Menemukan Kata, Menentukan Makna
Dia membuka halaman yang masih dirasa kosong. Dia bertanya bagian mendatar, dia sendiri menjawab pertanyaan itu. Dia menulisnya dalam kotak-kotak putih. Ketika kata tidak tepat dalam kotak putih itu, matanya mulai melirikku, seolah melemparkan ketidakbisaannya itu dihadapanku. Ketika jawaban itu muncul dari mulutku dan benar, wajahnya menampakkan keceriaan dan kegembiraan.
Dia terus membaca dan bertanya, mencoba menjawab mendatar, menurun, mendatar menurun dan seterusnya. Ketika tidak bisa, lirikannya sudah pasti menandai sebuah perintah untuk membantu menjawab. Begitulah, buku teka-teki silang itu telah membawa kami pada rutinitas yang tak biasa. Menghabiskan waktu menjelang tidur, mengisi waktu menjelang berbuka, meluangkan waktu setelah sahur. Mengisi buku teka-teki silang menjadi rutinitas kami berdua.
Kenangan akan buku teka-teki silang itu seolah tak terlupakan. Saat puasa datang, saat Ramadhan tiba, kenangan itu semakin jelas menandai, bahwa kami berdua bisa menjadi sahabat setia.

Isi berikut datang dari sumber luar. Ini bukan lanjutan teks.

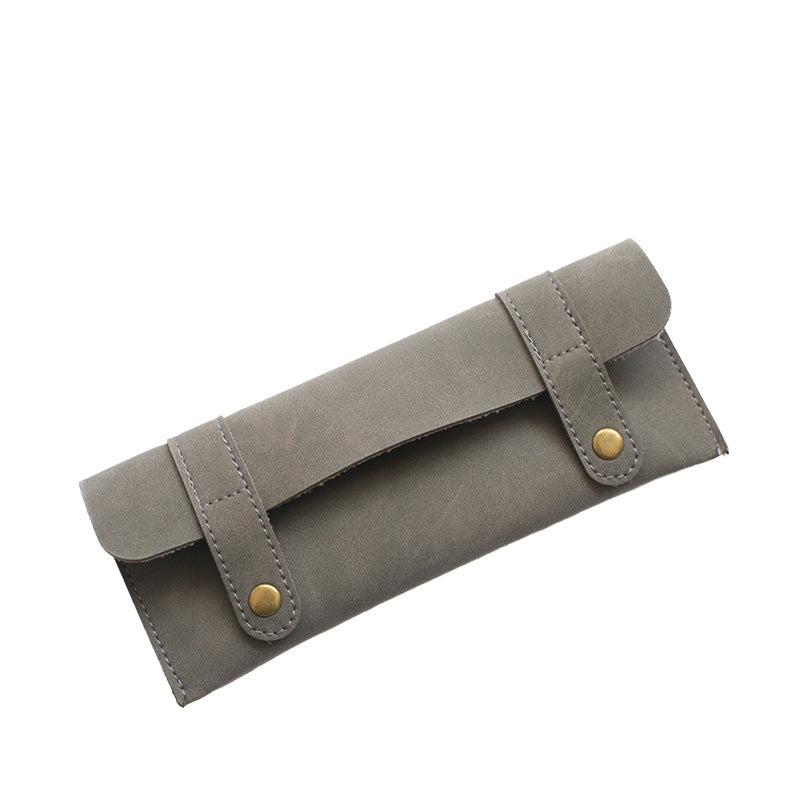 Stylish Leather Pen Roll Organizer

Kini, buku teka-teki silang itu hilang ditelan zaman. Tidak ada lagi pedagang berjualan. Tidak ada lagi pabrik yang berani mencetak. Rugi jika mencetak, rugi jika berjualan. Buku teka-teki silang itu kini hadir dalam segenggam telepon pintar yang dikerjakan sendiri si empunya. Teka-teki silang menyisakan kesendirian dan berdiam diri dalam berbagai kesempatan.